Having seen my little sister in action, I'm not surprised, but wonder why. I'm not sure if it's that they haven't had their self-esteem crushed by men before, but think it might have something to do with rebellion and/or looking at older women and learning from them. Either way, my/our generation doesn't think they they do, and they are either rebelling against us ("You do X, Y, and Z with men, so we're going to do A, B, and C") or they think, "Yeah, let me know how that worked out for you!"

Seraphic said...

Julie, I KNOW. Let it be a lesson to us all!

CBib, I thought about that a lot. I could see it being a massive fail for men, too, depending on the man. I recall one boyfriend's fail so massive that my conscience won't let me tell you.

Let's just say that it is just not as humiliating for a man to take a huge chance and blow it as for a woman to do so.

A man throwing himself on his knees saying "I'm yours" is kind of a cool reversal of men's masters-of-the-universe pretensions. We give him points for trying.

A woman throwing herself on her knees saying "I'm yours" kind of sucks because too many women are on their damn knees already, if you see what I mean. It's pathetic. No points for trying, and epic fail re: male psychology.

I agree, too, though, that this is not fair, and we have been unfairly conditioned to despise women's doing this by Big Ethel in Archie Comics. And we shouldn't bash women who do that sort of thing because, let's face it, complete self-abdignation is a constant temptation for many women.

Theobrom, those seem like good hypotheses.

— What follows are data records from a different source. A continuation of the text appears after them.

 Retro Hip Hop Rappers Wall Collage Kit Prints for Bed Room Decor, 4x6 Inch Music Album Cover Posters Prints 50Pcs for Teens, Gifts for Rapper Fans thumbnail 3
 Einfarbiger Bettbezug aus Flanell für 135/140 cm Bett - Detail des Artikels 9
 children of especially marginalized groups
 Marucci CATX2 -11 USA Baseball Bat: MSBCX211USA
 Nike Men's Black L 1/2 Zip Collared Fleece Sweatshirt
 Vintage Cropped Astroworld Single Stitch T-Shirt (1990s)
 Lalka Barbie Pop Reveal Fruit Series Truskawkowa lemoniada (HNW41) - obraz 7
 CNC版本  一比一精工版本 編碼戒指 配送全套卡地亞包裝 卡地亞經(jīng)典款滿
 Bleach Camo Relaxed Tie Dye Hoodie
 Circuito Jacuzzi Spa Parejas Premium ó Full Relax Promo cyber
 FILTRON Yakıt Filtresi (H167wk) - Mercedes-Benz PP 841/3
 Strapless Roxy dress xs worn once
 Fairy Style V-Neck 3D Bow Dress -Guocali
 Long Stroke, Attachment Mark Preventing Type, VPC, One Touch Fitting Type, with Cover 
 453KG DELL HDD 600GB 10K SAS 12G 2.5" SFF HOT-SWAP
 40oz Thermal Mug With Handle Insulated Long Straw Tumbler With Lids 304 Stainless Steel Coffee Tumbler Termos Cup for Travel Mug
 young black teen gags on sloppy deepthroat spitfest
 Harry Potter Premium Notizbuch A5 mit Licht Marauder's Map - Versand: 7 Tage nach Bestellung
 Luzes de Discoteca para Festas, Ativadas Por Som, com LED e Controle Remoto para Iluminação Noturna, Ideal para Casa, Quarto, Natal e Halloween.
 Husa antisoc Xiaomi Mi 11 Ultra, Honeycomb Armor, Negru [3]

Possibly they are also too young to have allowed a constant assault of bad advice overcome their native good sense. The two teens of the show watched Cherry in horror as she just marched up to two teenage boys.

KimP said...

My two cents: the teenagers do what come naturally; the older women try to take matters into their own hands when doing what comes naturally doesn't seem to be working. Teenage girls hang around hoping boys notice them. After doing this for about 10 or 15 years with no notable success, an older woman might think, "Wait a minute, I should just go after the man I want because that works in other areas of my life. Besides, this 'hanging around waiting for a boy to notice me' is clearly not working, so I'm going to try to get a man the same way I try to get a job, or land an account, etc."

Seraphic said...

No, no, no. The teenagers don't just hang around. They dress themselves up and walk round and round the mall, glancing at cute guys. "The Rules" (I think it was "The Rules") suggests adult women do the same darn thing: dress themselves up, walk around and around dances and cocktail parties, glancing at cute guys.

Really, though, I honestly believe the thing to do, if you feel called to marriage, is to make new friends (male and female) all the time, and meet their friends, too.

The groom at the last wedding I went to first laid eyes on the bride at his cousin's wedding two years before. She was an extraordinary minister, and she gave him communion.